* [TASK REQUIREMENTS] What's needed is a full, exact retyping of the records.
BEGIN MATERIAL PROVIDED
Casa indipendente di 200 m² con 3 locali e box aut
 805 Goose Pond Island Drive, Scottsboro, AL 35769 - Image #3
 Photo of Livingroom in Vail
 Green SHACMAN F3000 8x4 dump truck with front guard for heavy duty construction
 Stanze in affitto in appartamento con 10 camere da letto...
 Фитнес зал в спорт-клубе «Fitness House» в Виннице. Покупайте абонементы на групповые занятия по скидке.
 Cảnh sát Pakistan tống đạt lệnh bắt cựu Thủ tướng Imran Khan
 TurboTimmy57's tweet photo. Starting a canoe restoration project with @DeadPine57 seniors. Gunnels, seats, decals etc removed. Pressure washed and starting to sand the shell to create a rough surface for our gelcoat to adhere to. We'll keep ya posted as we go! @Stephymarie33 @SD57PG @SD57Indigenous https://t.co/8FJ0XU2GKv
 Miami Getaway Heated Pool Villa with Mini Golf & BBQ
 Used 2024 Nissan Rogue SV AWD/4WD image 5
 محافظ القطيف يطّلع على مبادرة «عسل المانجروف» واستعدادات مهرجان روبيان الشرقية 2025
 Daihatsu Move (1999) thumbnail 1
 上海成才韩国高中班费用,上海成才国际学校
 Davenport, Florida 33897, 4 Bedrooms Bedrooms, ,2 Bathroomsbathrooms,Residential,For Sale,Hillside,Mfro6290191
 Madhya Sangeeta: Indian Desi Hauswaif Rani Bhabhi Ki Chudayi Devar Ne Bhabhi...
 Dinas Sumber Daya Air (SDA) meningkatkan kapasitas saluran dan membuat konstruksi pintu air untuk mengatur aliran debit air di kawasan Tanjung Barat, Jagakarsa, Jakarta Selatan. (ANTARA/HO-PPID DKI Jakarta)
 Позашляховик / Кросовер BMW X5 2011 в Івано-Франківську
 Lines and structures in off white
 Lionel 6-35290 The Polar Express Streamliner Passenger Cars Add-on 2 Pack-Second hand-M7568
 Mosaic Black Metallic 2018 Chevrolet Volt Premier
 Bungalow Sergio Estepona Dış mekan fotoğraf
END MATERIAL PROVIDED
* [OUTPUT OF THE EXERCISE]
Casa indipendente di 200 m² con 3 locali e box aut
 805 Goose Pond Island Drive, Scottsboro, AL 35769 - Image #3
 Photo of Livingroom in Vail
 Green SHACMAN F3000 8x4 dump truck with front guard for heavy duty construction
 Stanze in affitto in appartamento con 10 camere da letto...
 Фитнес зал в спорт-клубе «Fitness House» в Виннице. Покупайте абонементы на групповые занятия по скидке.
 Cảnh sát Pakistan tống đạt lệnh bắt cựu Thủ tướng Imran Khan
 TurboTimmy57's tweet photo. Starting a canoe restoration project with @DeadPine57 seniors. Gunnels, seats, decals etc removed. Pressure washed and starting to sand the shell to create a rough surface for our gelcoat to adhere to. We'll keep ya posted as we go! @Stephymarie33 @SD57PG @SD57Indigenous https://t.co/8FJ0XU2GKv
 Miami Getaway Heated Pool Villa with Mini Golf & BBQ
 Used 2024 Nissan Rogue SV AWD/4WD image 5
 محافظ القطيف يطّلع على مبادرة «عسل المانجروف» واستعدادات مهرجان روبيان الشرقية 2025
 Daihatsu Move (1999) thumbnail 1
 上海成才韩国高中班费用,上海成才国际学校
 Davenport, Florida 33897, 4 Bedrooms Bedrooms, ,2 Bathroomsbathrooms,Residential,For Sale,Hillside,Mfro6290191
 Madhya Sangeeta: Indian Desi Hauswaif Rani Bhabhi Ki Chudayi Devar Ne Bhabhi...
 Dinas Sumber Daya Air (SDA) meningkatkan kapasitas saluran dan membuat konstruksi pintu air untuk mengatur aliran debit air di kawasan Tanjung Barat, Jagakarsa, Jakarta Selatan. (ANTARA/HO-PPID DKI Jakarta)
 Позашляховик / Кросовер BMW X5 2011 в Івано-Франківську
 Lines and structures in off white
 Lionel 6-35290 The Polar Express Streamliner Passenger Cars Add-on 2 Pack-Second hand-M7568
 Mosaic Black Metallic 2018 Chevrolet Volt Premier
 Bungalow Sergio Estepona Dış mekan fotoğraf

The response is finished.